Она не шевелится. Парик все равно не выглядит натурально, как поначалу, он и тогда казался пластиковым, тяжелым, слишком огромным.
— Хочешь чего-нибудь?
По-моему, она качает головой.
— Ладно, — говорю я и иду в дом.
На кухне Мона смотрит в окно, чистит бонг, наблюдает за Гриффином. Тот снял плавки и на веранде голышом моет ноги. Мона чувствует, что я вошел, — жалко, говорит, что ее не взбодрили суси на завтрак. Мона не знает, что она грезит о тающих скалах, о встрече с Гретом Кином[97] в вестибюле «Шато-Мармон», о беседах с водой, прахом, воздухом под попурри «Орлов», оглушительное «Мирное чувство покоя»[98], и брызги бирюзового напалма расцвечивают текст «Любишь ее до безумия»[99], нацарапанный на бетонной стене, в гробнице.

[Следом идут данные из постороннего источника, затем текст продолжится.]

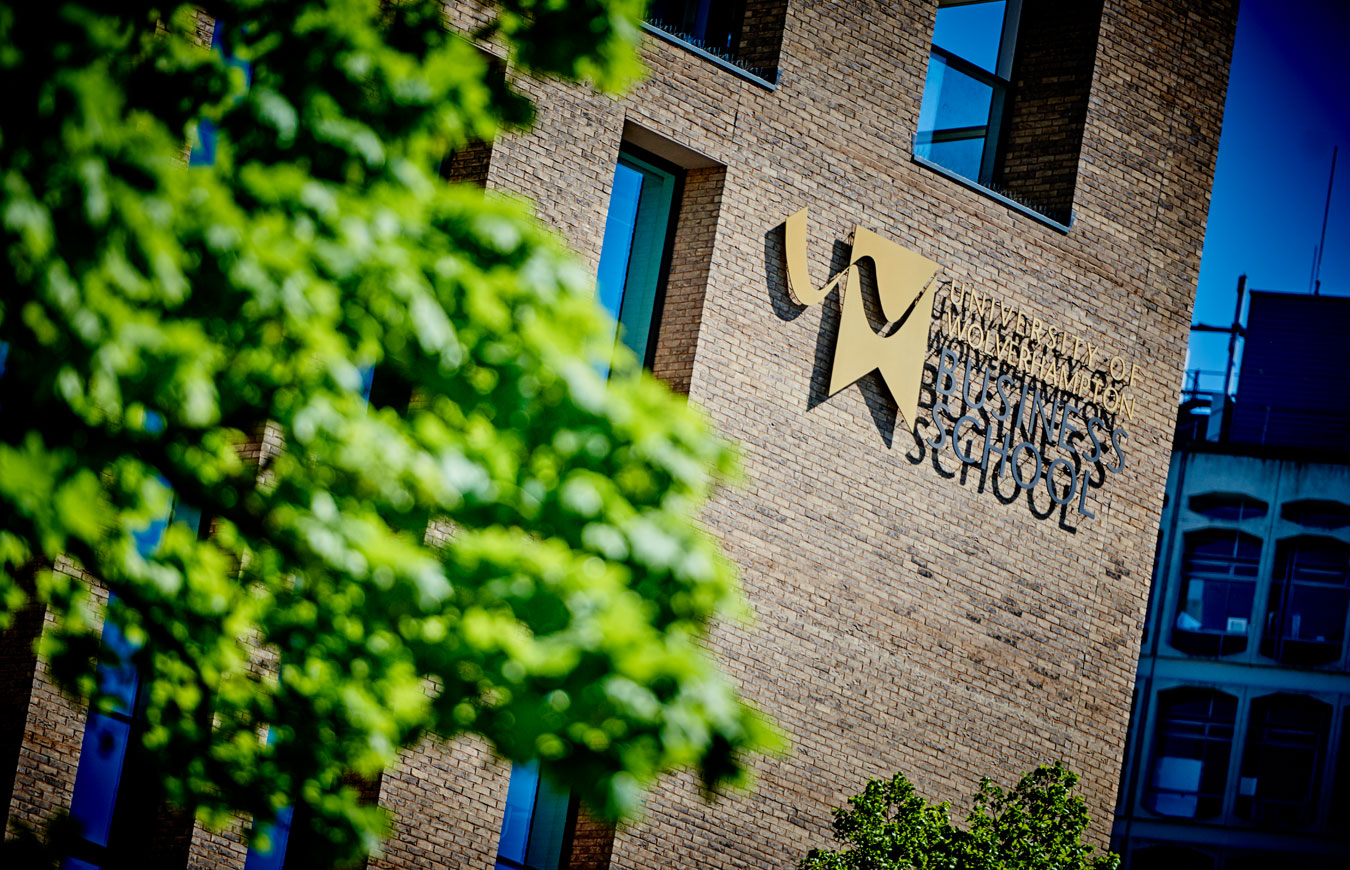 The Lord Swraj Paul building, a sign with University of Wolverhampton branding on the side of the building, with text reading University of Wolverhampton Business School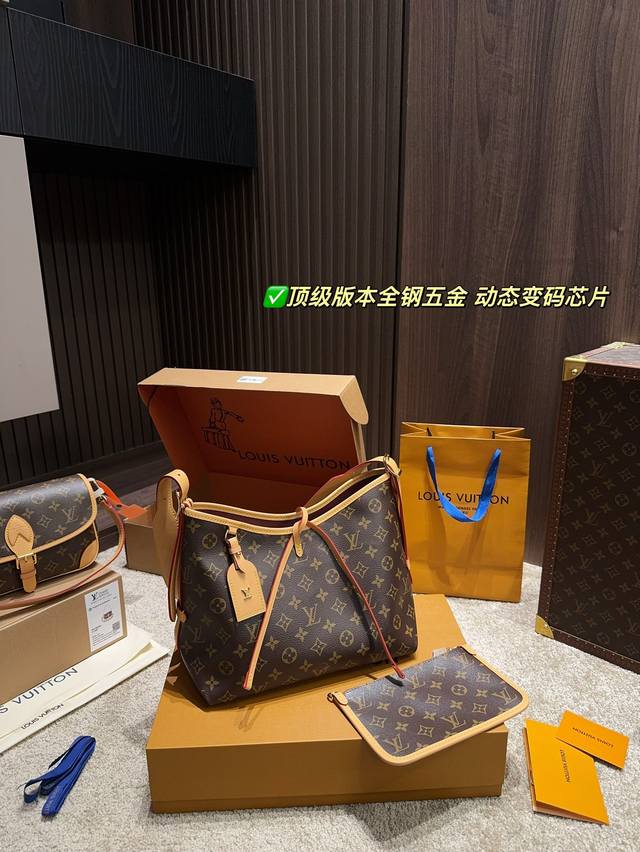 顶级版本全钢五金 动态变码芯片 全套包装尺寸28.20 Lv Carryall 它的外观设计简约大方，却又不失lv的经典优雅。流畅的线条，搭配标志性的品牌元素，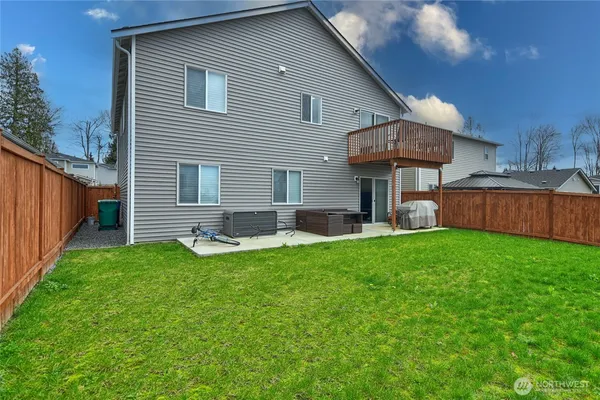 a backyard of a house with table and chairs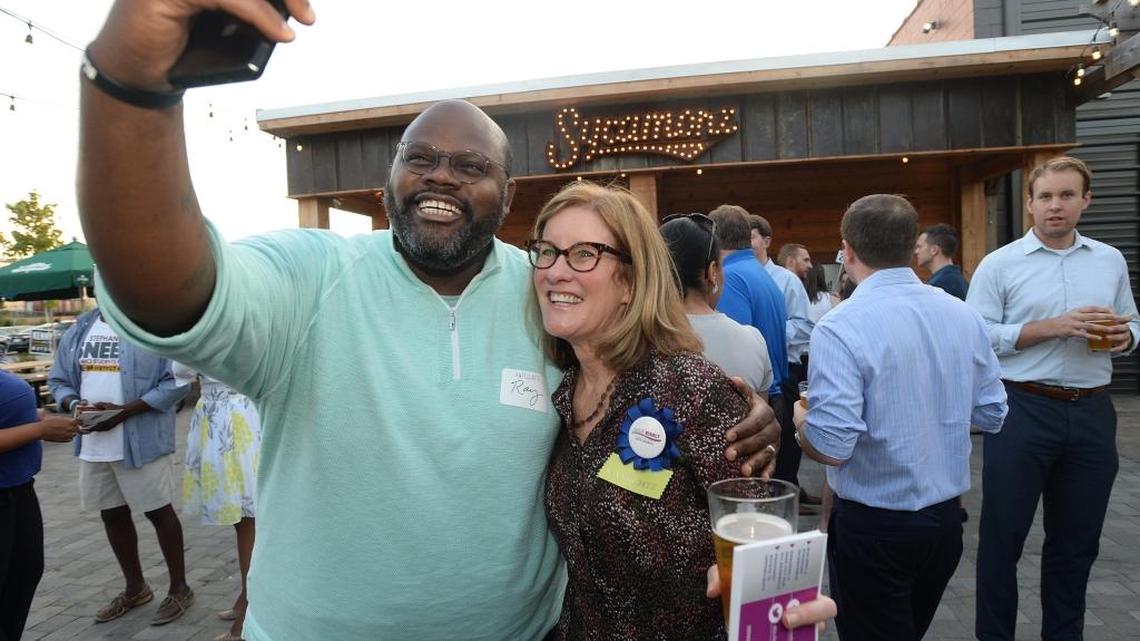 Ray McKinnon takes a selfie with City Council at Large candidate Julie Eiselt at an event last month in Charlotte.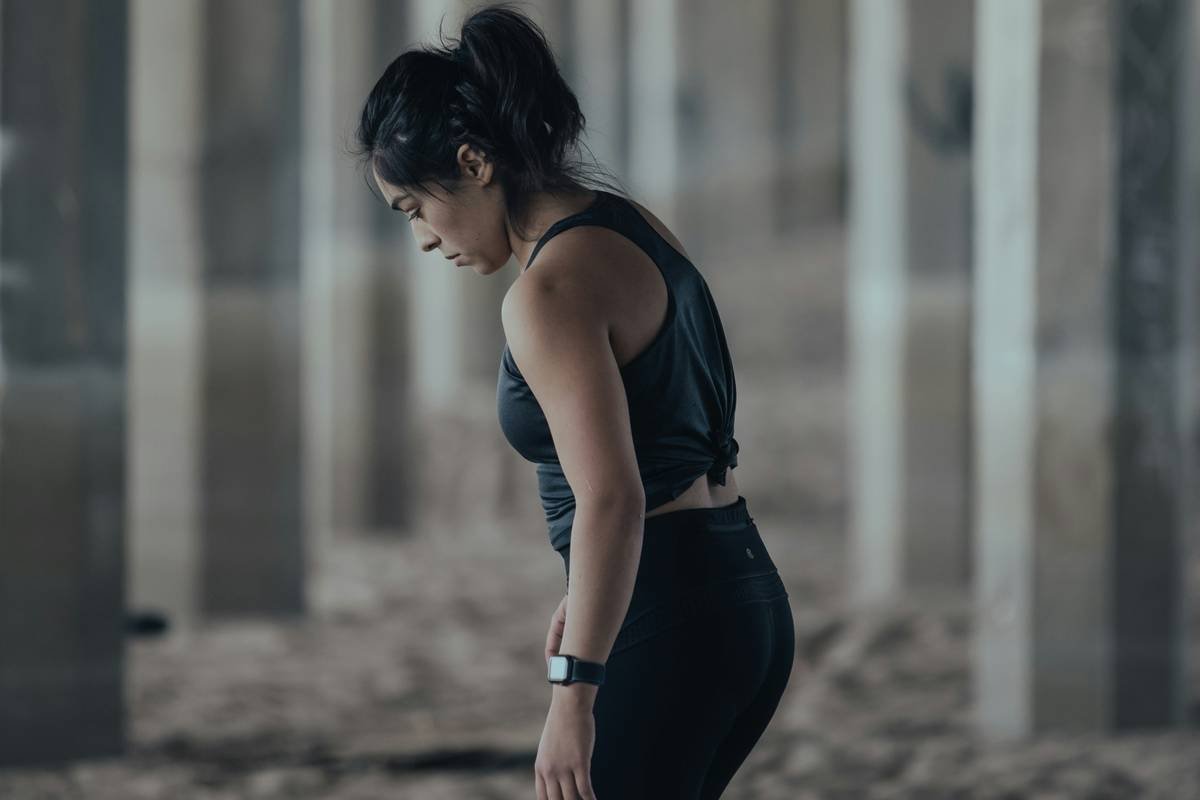 woman in blue tank top and black leggings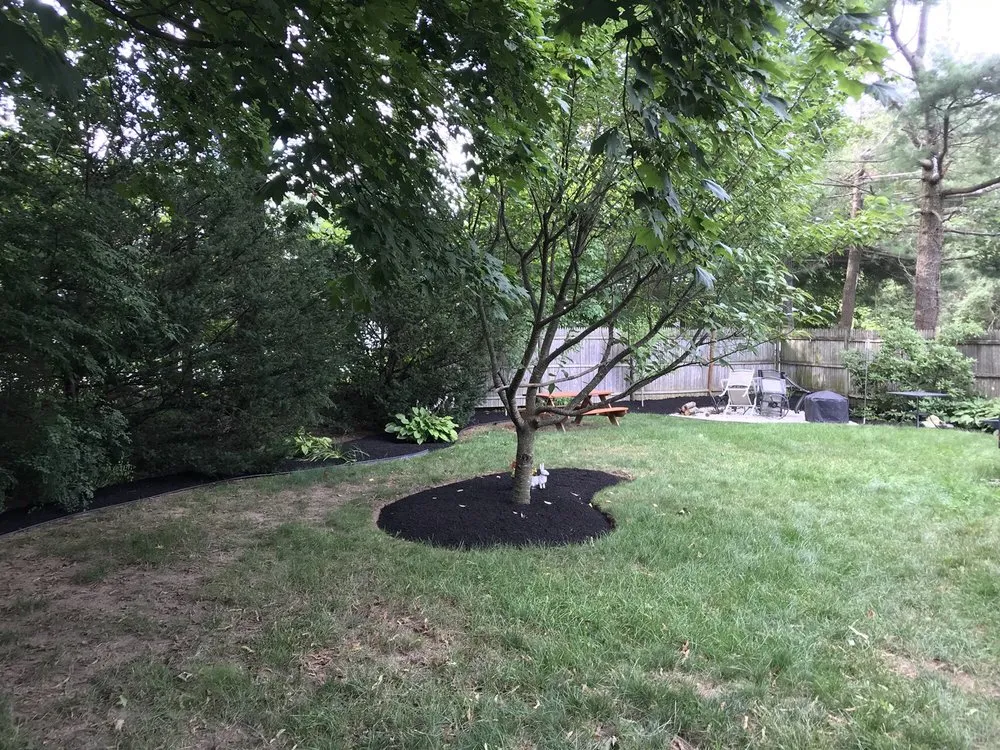 Custom landscape design in Foxborough, MA by Click Landscape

— Ага. — Я открываю холодильник. — Жалко.
Мона вздыхает, чистит бонг дальше.
— А что, Гриффин всю «Корону» выпил? — спрашиваю я.
— Наверное, — шепчет она.
— Черт. — Я стою, смотрю в холодильник, изо рта — пар.
— Она правда больна, — говорит Мона.
— Да неужели? А меня правда обломали. Я хотел «Корону». Ужасно.
Входит Гриффин, вокруг талии обернуто полотенце.
— А на ужин что? — спрашивает он.
— Это ты всю «Корону» выпил? — спрашиваю я.
— Эй, отец. — Он садится за стол. — Полегче типа, расслабься.
— Мексиканское что-нибудь? — предлагает Мона, выключая кран. Все молчат.
Гриффин задумчиво мурлычет песенку, мокрые волосы зачесаны назад.
— Ты чего хочешь, Гриффин? — вздыхает она, вытирая руки. — Мексиканского хочешь, Гриффин?
Гриффин глядит испуганно.
— Мексиканского? Ага, детки. Сальсы? Чипсов? Мне — в самый раз.
Я открываю дверь, иду в патио.
— Отец, холодильник закрой, — говорит Гриффин.
— Сам закрой, — отвечаю я.
— Тебе дилер звонил, — говорит мне Мона.
Я киваю, оставляю холодильник как есть, спускаюсь по ступенькам на песок, думаю, где бы сейчас хотел оказаться. Мона идет за мной. Я останавливаюсь.
— Я сегодня отчалю, — говорю я. — И так слишком долго протусовался.
— Почему? — спрашивает Мона, глядя в сторону.
— Похоже на кино, которое я уже видел, и я знаю, что дальше будет. Чем все закончится.
Мона вздыхает.
— Тогда что ты тут делаешь?
— He знаю.
— Ты ее любишь?
— Нет, ну и что? Что это изменит? Если б любил — помогло бы?
— Просто все как-то побоку, — говорит Мона.
Я ухожу. Я знаю, что такое «исчез». Я знаю, что такое «умер». Пересиливаешь, расслабляешься, возвращаешься в город. Вот я смотрю на нее. По-прежнему играет Мадонна, но батарейки садятся, и голос вихляющий, далекий, диковатый, а она не шевелится, даже не показывает, что видит меня.
— Пойдем лучше, — говорю я. — Уже прилив.
— Я хочу остаться.
— Холодно ведь.
— Я хочу остаться, — говорит она, а потом, слабее: — Мне бы еще солнца.
Из кучки водорослей вылетает муха, садится на белое костлявое бедро. Она ее не сгоняет. Муха сидит.
— Да какое ж солнце, мать? — говорю я.
Я иду обратно. Ну и что, вполголоса бормочу я. Захочет — придет. Вообрази, что снится слепому. Я направляюсь в дом. Интересно, а Гриффин останется, а Мона заказала столик, а Движок перезвонит?
— Я знаю, что такое «мертвый», — шепчу я как можно тише, потому что звучит знамением.